Demystifying LLMOp’s: An Introduction to LLM Inference Serving (Part1)
LLMOps Series: Inference Serving
Series Links
Demystifying LLMOp’s: An Introduction to LLM Inference Serving (Part1) 👈
Hi everyone, this series will be focusing on a few key recipes that are helpful and required in setting up an enterprise scale large language models (LLMs) inference serving. The post is not about managed cloud based LLM hosting services (like AWS Bedrock or Databricks serving) but the discussed concepts are core for developing any such services. In this multiple post series, we will explore concepts like LLM models structures, inference libs, serving frameworks, API endpoints, multi-tenant architectures, token generation, input guard rails and many more other such concepts. So, without further delay, let’s begin with part 1 of the series.

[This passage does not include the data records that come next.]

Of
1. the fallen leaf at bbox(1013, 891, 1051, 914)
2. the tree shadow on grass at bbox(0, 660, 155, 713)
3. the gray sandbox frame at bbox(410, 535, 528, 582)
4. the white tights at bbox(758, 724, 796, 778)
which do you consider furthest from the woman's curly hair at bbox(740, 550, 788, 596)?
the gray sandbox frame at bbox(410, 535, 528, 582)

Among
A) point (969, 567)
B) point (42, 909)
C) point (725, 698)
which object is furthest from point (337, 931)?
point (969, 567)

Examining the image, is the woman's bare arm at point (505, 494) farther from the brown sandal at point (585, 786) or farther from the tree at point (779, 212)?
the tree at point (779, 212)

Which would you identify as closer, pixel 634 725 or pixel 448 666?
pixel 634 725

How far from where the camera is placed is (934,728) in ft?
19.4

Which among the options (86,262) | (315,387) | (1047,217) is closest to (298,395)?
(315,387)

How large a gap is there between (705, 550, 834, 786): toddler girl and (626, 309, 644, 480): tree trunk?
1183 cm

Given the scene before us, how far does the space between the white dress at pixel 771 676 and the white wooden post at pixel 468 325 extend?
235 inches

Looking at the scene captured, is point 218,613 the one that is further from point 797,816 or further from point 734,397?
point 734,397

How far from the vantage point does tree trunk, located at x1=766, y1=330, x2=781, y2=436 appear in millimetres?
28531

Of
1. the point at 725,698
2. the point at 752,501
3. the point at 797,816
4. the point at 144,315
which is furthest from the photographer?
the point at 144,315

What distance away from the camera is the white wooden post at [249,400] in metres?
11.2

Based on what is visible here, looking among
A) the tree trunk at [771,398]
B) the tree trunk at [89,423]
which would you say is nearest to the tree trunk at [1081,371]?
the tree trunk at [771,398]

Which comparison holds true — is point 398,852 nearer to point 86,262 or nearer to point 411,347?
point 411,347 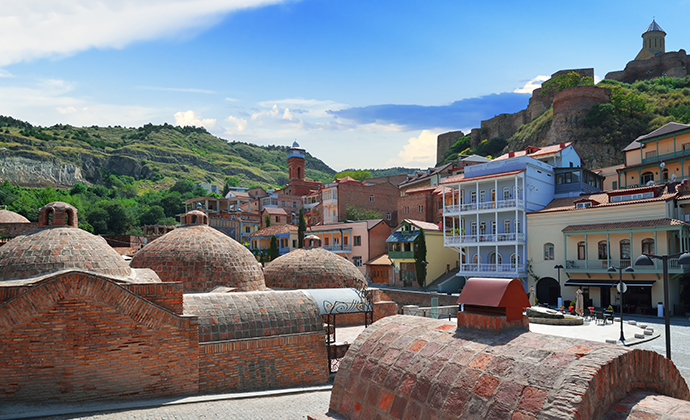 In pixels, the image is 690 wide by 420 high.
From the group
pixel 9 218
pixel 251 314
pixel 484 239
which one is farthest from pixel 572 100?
pixel 9 218

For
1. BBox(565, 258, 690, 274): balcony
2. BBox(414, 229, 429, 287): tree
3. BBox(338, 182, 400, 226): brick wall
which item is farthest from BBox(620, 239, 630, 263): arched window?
BBox(338, 182, 400, 226): brick wall

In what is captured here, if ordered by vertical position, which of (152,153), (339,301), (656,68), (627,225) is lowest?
(339,301)

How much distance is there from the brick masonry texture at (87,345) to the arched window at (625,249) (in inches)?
1052

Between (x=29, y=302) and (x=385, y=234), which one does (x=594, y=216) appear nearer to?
(x=385, y=234)

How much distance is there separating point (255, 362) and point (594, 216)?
25465mm

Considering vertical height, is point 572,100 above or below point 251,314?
above

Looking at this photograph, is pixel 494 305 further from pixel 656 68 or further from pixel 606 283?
pixel 656 68

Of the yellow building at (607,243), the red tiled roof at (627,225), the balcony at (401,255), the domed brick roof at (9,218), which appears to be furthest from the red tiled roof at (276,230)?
the red tiled roof at (627,225)

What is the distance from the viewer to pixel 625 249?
92.9 feet

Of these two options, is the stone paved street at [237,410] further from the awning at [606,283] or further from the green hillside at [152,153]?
the green hillside at [152,153]

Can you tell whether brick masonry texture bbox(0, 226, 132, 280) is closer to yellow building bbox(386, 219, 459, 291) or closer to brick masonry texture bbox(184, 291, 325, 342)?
brick masonry texture bbox(184, 291, 325, 342)

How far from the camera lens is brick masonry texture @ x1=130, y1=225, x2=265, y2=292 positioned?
19062mm

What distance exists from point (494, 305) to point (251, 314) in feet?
31.8

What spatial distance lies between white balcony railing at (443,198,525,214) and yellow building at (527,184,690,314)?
139 cm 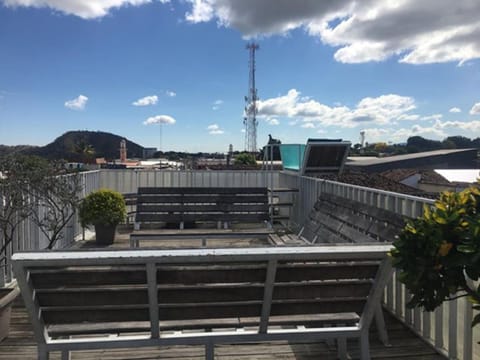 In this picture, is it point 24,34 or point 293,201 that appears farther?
point 24,34

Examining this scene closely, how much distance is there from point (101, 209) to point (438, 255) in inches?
206

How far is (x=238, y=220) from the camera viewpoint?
18.0ft

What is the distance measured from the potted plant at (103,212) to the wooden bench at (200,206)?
65cm

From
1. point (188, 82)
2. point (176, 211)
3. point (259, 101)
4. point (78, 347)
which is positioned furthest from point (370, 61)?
point (259, 101)

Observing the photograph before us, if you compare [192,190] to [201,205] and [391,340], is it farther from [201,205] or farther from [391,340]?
[391,340]

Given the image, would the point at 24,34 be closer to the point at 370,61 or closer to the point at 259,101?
the point at 370,61

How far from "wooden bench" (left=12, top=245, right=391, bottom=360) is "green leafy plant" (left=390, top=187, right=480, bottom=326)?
27 cm

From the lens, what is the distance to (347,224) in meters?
3.75

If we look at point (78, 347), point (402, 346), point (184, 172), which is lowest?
point (402, 346)

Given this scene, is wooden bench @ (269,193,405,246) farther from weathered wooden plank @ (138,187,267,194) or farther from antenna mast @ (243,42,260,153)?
antenna mast @ (243,42,260,153)

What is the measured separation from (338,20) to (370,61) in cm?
443

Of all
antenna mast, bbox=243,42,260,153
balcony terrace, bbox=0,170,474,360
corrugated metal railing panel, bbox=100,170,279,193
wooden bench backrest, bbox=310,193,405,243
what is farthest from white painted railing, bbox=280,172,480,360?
antenna mast, bbox=243,42,260,153

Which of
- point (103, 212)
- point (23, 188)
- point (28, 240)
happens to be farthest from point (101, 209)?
point (23, 188)

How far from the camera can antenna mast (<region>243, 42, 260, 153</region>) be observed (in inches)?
1163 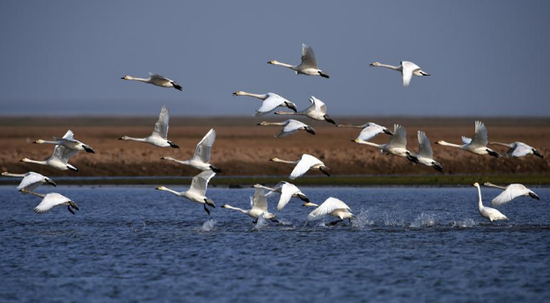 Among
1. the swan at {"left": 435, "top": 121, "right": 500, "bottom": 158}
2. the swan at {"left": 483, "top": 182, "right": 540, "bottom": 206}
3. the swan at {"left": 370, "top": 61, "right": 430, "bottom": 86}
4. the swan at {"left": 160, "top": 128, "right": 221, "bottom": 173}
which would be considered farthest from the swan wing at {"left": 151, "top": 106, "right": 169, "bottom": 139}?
the swan at {"left": 483, "top": 182, "right": 540, "bottom": 206}

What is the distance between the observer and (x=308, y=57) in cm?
2417

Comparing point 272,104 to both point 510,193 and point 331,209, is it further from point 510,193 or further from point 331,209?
point 510,193

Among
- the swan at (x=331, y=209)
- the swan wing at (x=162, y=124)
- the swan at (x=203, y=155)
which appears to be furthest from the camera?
the swan at (x=331, y=209)

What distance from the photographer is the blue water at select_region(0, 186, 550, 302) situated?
18578 millimetres

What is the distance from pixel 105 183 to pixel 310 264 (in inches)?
1105

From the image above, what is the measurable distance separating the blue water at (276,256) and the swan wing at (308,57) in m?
4.32

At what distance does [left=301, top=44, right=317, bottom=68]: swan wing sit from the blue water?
4.32 m

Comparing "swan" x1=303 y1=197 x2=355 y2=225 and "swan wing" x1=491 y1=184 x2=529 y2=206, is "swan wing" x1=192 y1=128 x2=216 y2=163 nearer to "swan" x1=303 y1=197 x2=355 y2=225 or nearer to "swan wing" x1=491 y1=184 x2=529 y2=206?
"swan" x1=303 y1=197 x2=355 y2=225

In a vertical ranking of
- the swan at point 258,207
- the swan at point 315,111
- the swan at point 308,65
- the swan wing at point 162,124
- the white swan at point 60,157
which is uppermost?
the swan at point 308,65

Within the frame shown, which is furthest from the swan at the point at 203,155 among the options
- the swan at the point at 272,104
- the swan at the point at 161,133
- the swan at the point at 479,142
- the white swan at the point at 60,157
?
the swan at the point at 479,142

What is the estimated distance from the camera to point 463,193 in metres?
41.4

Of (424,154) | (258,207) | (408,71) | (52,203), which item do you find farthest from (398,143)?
(52,203)

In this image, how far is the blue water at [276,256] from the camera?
18578 mm

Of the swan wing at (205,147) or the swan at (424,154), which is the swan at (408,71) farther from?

Challenges in Creating Robust ML/AI Systems
The initial question we must ponder is why creating a scalable machine learning (ML) system poses a significant challenge?? 'Hidden Technical Debt in Machine Learning Systems' a seminal paper from Google, delves into the complexities of building robust ML systems. While machine learning models may appear powerful, they often come with hidden technical debt – issues that accumulate over time and hinder system maintainability. Sculley et al. expalin how ML models constitute only a small fraction of a much larger, complex system (as depicted in Figure 1). Issues such as data dependencies, evolving inputs, and poorly structured code can lead to system failures and substantial maintenance expenses. Unlike regular software, ML systems degrade over time due to data drift and unpredictable interactions. The paper recommends that quick fixes create long-term problems and suggests best practices like modular design, testing, and monitoring to keep ML systems reliable.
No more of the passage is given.